Brad Geddes / PPC Geek
Official AdWords Seminar Leader.
Author of Advanced Google AdWords.
Co-Founder, Adalysis.
(312) 884-9017
Brad Geddes's Theories on Marketing Should you put a phone number in your ad?

Should you put a phone number in your ad?

It’s pretty common to see phone numbers in Google ads. The thinking generally goes “If someone calls me from my ad, then I don’t have to pay for a click.”

Let’s examine that thought process.

First off, one of the largest quality score factors is click through rate. If you suddenly get calls from your ad, then you will not be getting clicks, and thus your quality score will suffer.

When your quality score goes down, either your ad drops in position (meaning your ad will now be further down the page) or you will have to pay more for each click.

There’s a reason Google doesn’t care if you put phone numbers in your ads. If you were to get calls, it just means you end up paying more for the exposure because you don’t get clicks.

In addition, since you are using up characters with a phone number, you are wasting valuable space in showcasing your value proposition to the searcher.

Most consumers still aren’t calling from search results.

When we do a search, our goal is to research and find information. We’re not quite ready to call yet, we want to learn a bit more about the company.

I was highly involved in Google’s Click-To-Call experiment a few years ago. There’s a reason that click-to-call ads still don’t exist on Google. Some companies (mostly hotels) saw some nice results. The majority of companies saw very few calls.
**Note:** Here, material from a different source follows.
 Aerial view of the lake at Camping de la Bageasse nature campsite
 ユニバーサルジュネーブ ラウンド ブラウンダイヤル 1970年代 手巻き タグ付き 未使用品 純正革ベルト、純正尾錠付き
What if you own 1-800-Keyword?

If you own 1-800-keyword (and write it that way in your ad copy); then it is worth testing. From a consumers standpoint, if you own the 800 number for your keyword, then it’s a sign of authority. Authority details in ad copy can definitely help click through rate. Overall, I’ve seen good results with using 1-800-keyword in ad copy; but there are always exceptions. Hence – test.

Quick Recap

  • Do not put phone numbers in ad copy, they are a waste of space. Use better marketing language instead.
  • If you own 1-800-keyword, then test running ads with and ads without the phone number in the ad copy.

Remember, if in doubt – test. It’s really the only way to get the answer as it pertains to your company.

No Comments

  1. David Szetela
    January 13, 2009 at 8:42 pm · Reply

    Brad,

    We’ve seen similar results. But try phone numbers in Content ads someday (text and non-text) – sometimes the CTR is higher than without. Possibly a credibility thing.

    Cheers,

    David

  2. Brad Geddes aka eWhisper
    January 14, 2009 at 3:32 pm · Reply

    Interesting, David – good to know.

    That’s why it’s always worth testing everything 🙂

  3. Seo Chennai
    January 15, 2009 at 9:24 am · Reply

    Very informative ! thanks for the info.

  4. Jimmy Walker
    January 15, 2009 at 10:36 pm · Reply

    800# Scenario: The client could not display or sell at a discounted price online due to contractual issues. We tested an ad with “Call 800# . . . for price”. Similar to David’s findings, the CTR remained surprisingly strong. Best of all, call and order rate were up sharply for the item.

    We will continue with a split campaign – 800# ads during business hours – traditional ads during off hours.

    Hnmmm! Got me thinking now. Hate when that happens.